• **Instructions to follow**:
Please, without any pictures, transcribe the lines from the one holding "TV, fireplace, DVD player" to the end of the listing, both ends included.

• **Material provided**:
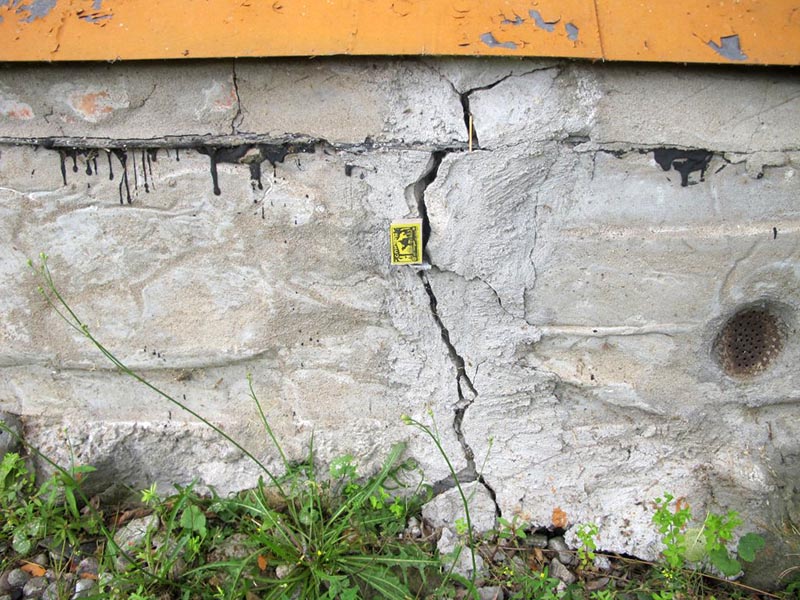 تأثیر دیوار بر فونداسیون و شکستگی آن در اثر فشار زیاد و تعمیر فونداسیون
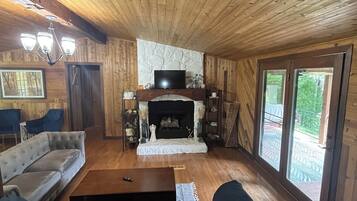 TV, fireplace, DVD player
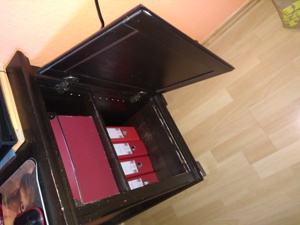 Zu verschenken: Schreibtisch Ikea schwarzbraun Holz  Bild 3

• **Reply**:
 TV, fireplace, DVD player
 Zu verschenken: Schreibtisch Ikea schwarzbraun Holz  Bild 3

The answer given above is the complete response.